21 dic 2011

Christmas lottery in Madrid

Tomorrow a lucky few become millionaires!



If you´re not having enough fever pitch excitement on your Christmas Spanish Course in Madrid then there´s always the Spanish Christmas lottery to catch your eye! Every year millions of Spanish people are filled with hope upon the arrival of this day (22/12/2011), hoping against hope to become Christmas millionaires... sadly only very few achieve that coveted status. The likelihood of winning something, for those with a ticket in this hugely popular game of chance, is around 5.3%.

If you don't buy the ticket,
You can't win the raffle!
Although there´s around an 85% chance of not getting your money back, the 22nd of December Christmas lottery is the most popular of all lottery draws. Even though the first tickets are sold in July the real buying frenzy starts in November in the lead up to Christmas when the streets of Madrid are filled with never ending queues of people hoping to get their hands on the winning ticket. Moreover these chances of winning this year are even slimmer than in past years, due to the current economic crisis, the Spanish government has increased the number of available numbers from which the winning combination can be chosen to 15,000. Spanish people, on average, spend more that 70€ per person when buying tickets for the Christmas lottery!

To make up for the higher odds and to attract more participants the prizes are also bigger and better this year. Out of the total 100,000 numbers in the drum, lots will be drawn for 1,764 prizes, ranging from the most popular “Gordo de Navidad” which is equivalent to 4,000,000€ total prize money, each translates to 400,000€ per individual “decimo” or ticket that is correct (100,000€ more per “decimo” than last year). They have also increased the second prize to 1.200.000€ per series of correct numbers and the fifth prize to 60.000€.
 
Between such extremes of country-wide obsession and such a small chance of hitting the jackpot, many Spanish superstitions and beliefs have sprung up around the Christmas lottery. One of them is to make sure you buy your ticket from an office of administration that has awarded you an important prize. It is here that you will find unbelievable queues near such ticket offices such as Doña Manolita (Madrid), La Bruja de Oro en Sort (Lleida), Valdes (Barcelona) and Ormaechea in Bilbao.

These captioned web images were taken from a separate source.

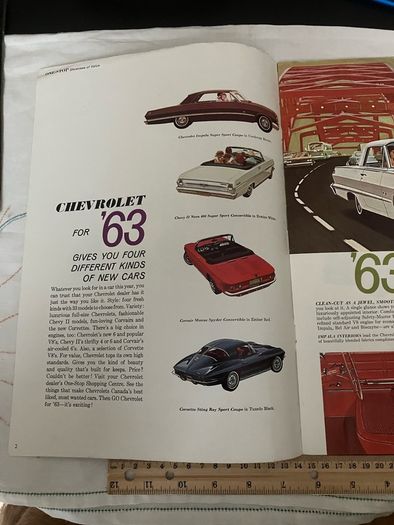 Car brochures. USA and Canada of USA manufacturers. GM, Ford etc.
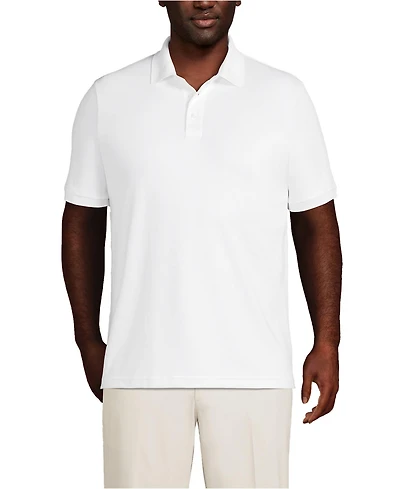 Lands' End Big & Tall School Uniform Short Sleeve Cotton Supima Polo Shirt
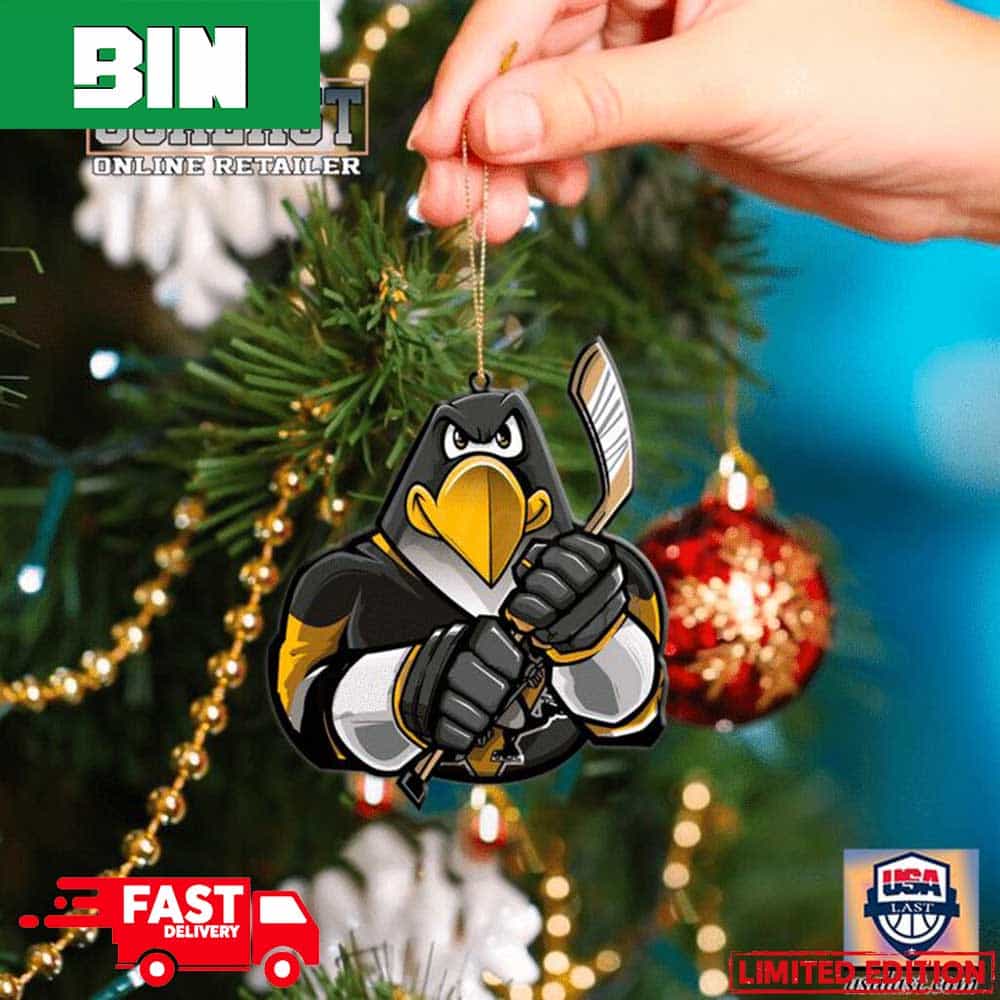 NHL Pittsburgh Penguins Mascot Christmas 2023 Holiday Tree Decorations Ornament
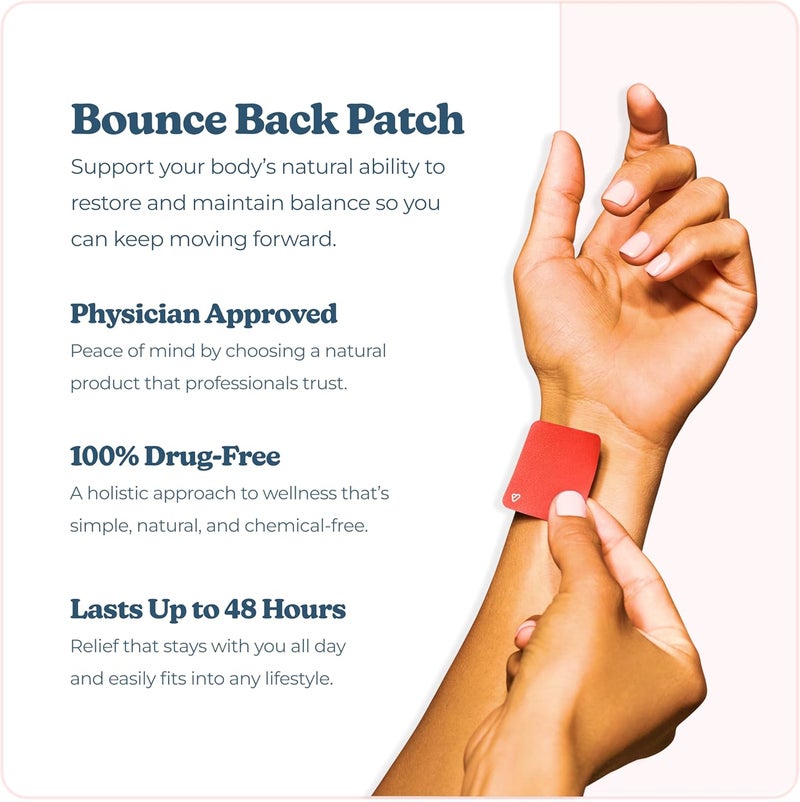 Vibrants Bounce Back Patch  Vibrants BioFrequency Patches for Pain  Sample Pack  7 Pain Patches - Image 2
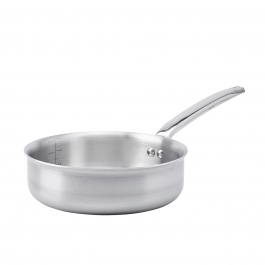 DE BUYER Alchimy Niski 24 cm - rondel ze stali nierdzewnej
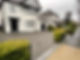 House with new driveway and pop up bollard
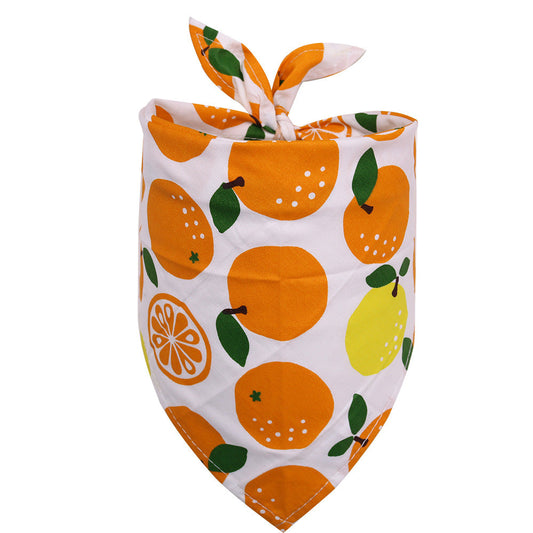 Dog Bandana Pure Cotton Triangle Saliva Scarf Collar Bib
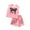 d-Pink3660, variant on FAOWME Child Girls Summer Outfits 2 Piece Sets Cute Toddler Tank Tops And Shorts Casual Playwear Soft Breathable Comfortable Outfits For Baby Girl Clothes Sets Classic O-Neck Dailywear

Everyone wants the golden ticket!
It is also common to choose numbers that are important to you such as birthdays, anniversaries, wedding days or the birth of a loved one. Of course some stick to the same number year in, year out, believing that he or she who sticks to their guns will one day strike lucky. There are also those that think rubbing their ticket on the stomach of a pregnant woman will bring them luck. Some prefer to rub it on a small figurine of a witch, on the back on a hunch-back or the back of a black cat. 

To make it even more complicated it is said that you should always go into the administrative office in Spain with your left foot forward and to make sure that the ticket vendor gives you the ticket with their right hand and when there is a long queue you should stand on the left for oddly numbered days and on the right for evenly numbered days. 

The first lottery, called “Lotería Moderna”, took place in Cádiz on the 18th of December 1812 in the middle of the war of independence. Spain was faced with a profound and crippling crisis, where famine and epidemics combined with clashes with the French caused the Spanish population to plummet as well as enormous economic losses. To make it through and continue paying the high costs of war Ciriaco González Carvajal, member of the Spanish cabinet established the objective to “increase the income of the public treasury and Spanish state without destroying the livelihood of the contributors”. Two years later the slow withdrawal of Napoleon´s troops allowed it to be introduced and held for the first time in Andalucía, Ceuta and Madrid. From this day forth it was known as the “Prósperos de Premios” and later on in 1897, it received its current title of “Sorteo de Navidad”. This tells us that the Spanish people greatly enjoy a game of lottery, so much so that even the Spanish civil war didn´t manage to stop it. However during this period two different versions were held: the republican lottery and a national one.
The lottery´s innocent hands
For more than 190 years, children from the school of San Ildefonso in Madrid are the ones charged with selecting the numbered balls and sing the prizes up for grabs for the Christmas lottery. Their participation is voluntary and although they can enter up until their voices break, they are still forbidden to eat any ice cream in the days leading up to the draw.

  
The draw takes place at 9 tomorrow morning in the Palacio de Congresos in Madrid. Despite all of the old-wives tales, the organisers of the event ensure that there are no “ugly” numbers and that all of the numbers have a similar probability of appearing. It´s always said that the best prize is the one that is distributed between the most people. Therefore if you still don´t have your ticket- there´s still time to grab one and cross your fingers!

Merry Christmas and Good luck tomorrow!